Alright, so St. Patrick’s Day is rolling around again. Usually, I’m all about the regular festive treats, but this year I decided to try something different. My sister’s been eating gluten-free for a while now, and I figured it’d be nice to make something everyone could actually enjoy together. Plus, honestly, I was curious how hard it would be.
Getting Started and Gathering Stuff
First thing I did was hit the internet, looking for ideas. You type in “gluten-free St. Patrick’s desserts” and wow, a lot comes up. Some looked way too complicated, needing weird ingredients I’d never heard of.
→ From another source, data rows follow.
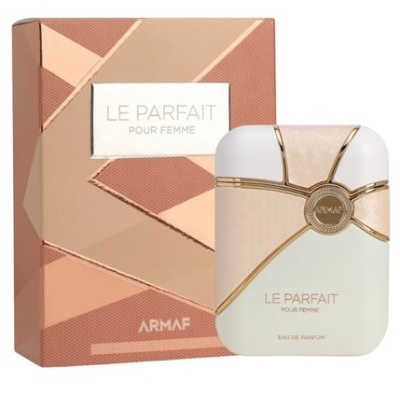 Frasco de perfume LE PARFAIT POUR FEMME ARMAF com caixa decorada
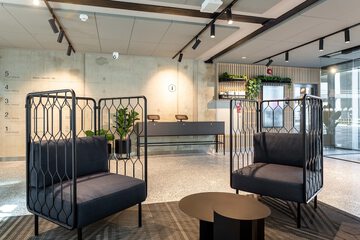 Lobby sitting area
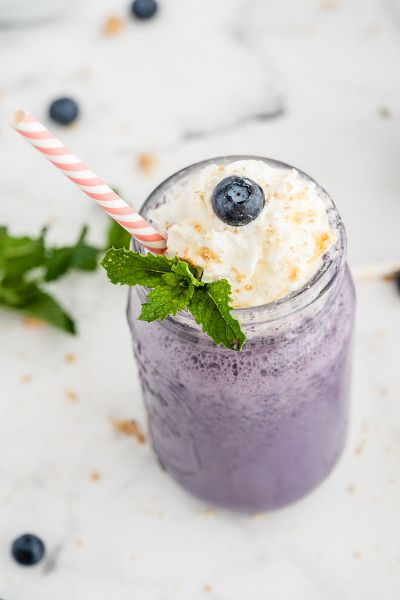 Blueberry Shake available at Demo through DeskDrop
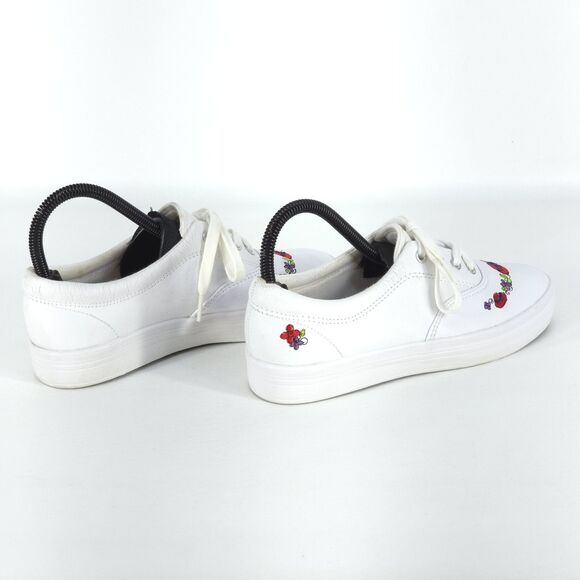Keds Grasshoppers Red Hat Society Sneakers Women’s 6M Embroidered Cottage Granny - Picture 3 of 14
I wanted something straightforward. I settled on trying two things: some simple mint chocolate chip cookies and maybe some kind of green brownie or blondie.

Next step was the grocery store. Finding the gluten-free flour blend wasn’t too bad these days, most bigger stores have a decent section. I grabbed one that said it was a cup-for-cup replacement, hoping that would make things easier. Also needed xanthan gum – heard that helps hold gluten-free stuff together. Got my usual butter, sugar, eggs, plus some peppermint extract and, of course, green food coloring. I opted for the simple liquid drops, nothing fancy.
Into the Kitchen We Go
I decided to tackle the cookies first. The recipe seemed easy enough. I creamed the butter and sugar, added the eggs and peppermint extract. Then came the gluten-free flour mix. This is where things felt different. The dough seemed…grittier? Less stretchy than normal cookie dough. I mixed in the chocolate chips and a few drops of green coloring. It looked the part, at least.
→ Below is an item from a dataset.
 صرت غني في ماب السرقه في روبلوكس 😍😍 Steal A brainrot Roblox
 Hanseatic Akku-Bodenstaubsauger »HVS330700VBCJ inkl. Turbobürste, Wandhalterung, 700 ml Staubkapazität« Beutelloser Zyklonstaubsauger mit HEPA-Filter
Scooping them onto the baking sheet was okay, maybe a little stickier than I’m used to. Popped them in the oven, keeping a close eye on them. Gluten-free things can sometimes bake faster or slower, I’ve heard.
While the cookies baked, I started on the brownies. Found a recipe for gluten-free blondies that I figured I could just dye green and add mint to. Again, mixing the wet ingredients was fine. Adding the GF flour blend… same deal. The batter felt denser. I added the green dye – maybe a bit too much, it looked intensely green! Stirred in some chopped chocolate.
The Results and What I Learned
Okay, the cookies came out of the oven. They spread a bit more than I expected, looking a little flat. Taste test? Surprisingly good! Nice minty flavor, decent texture, maybe slightly crumblier than a regular cookie, but definitely enjoyable. Success number one, I’d say.
Then the brownies, or greenies, I guess. They took a bit longer to bake than the recipe suggested. The toothpick test was tricky; it kept coming out a bit wet in the middle. I eventually pulled them out, hoping for the best. Letting them cool was important.
Cutting into the greenies… they were very fudgy. Almost too fudgy in the center. The taste was good, minty and sweet, but the texture was a bit off, very dense. Not bad, but not quite the chewy brownie I was aiming for. Maybe I should have adjusted the liquid or baking time more.

So, what did I learn? Gluten-free baking isn’t scary, but it’s definitely different. The texture is the main thing. You can’t just swap flour and expect the exact same result without potentially needing other small tweaks. The cup-for-cup flour was helpful, but maybe next time I’d research specific flour blends for brownies versus cookies. Also, trust your gut on baking times, not just the recipe.
Overall, it was a fun experiment. We had green, gluten-free treats for St. Paddy’s, and my sister was happy she could dig in. Definitely worth trying if you need GF options for a gathering.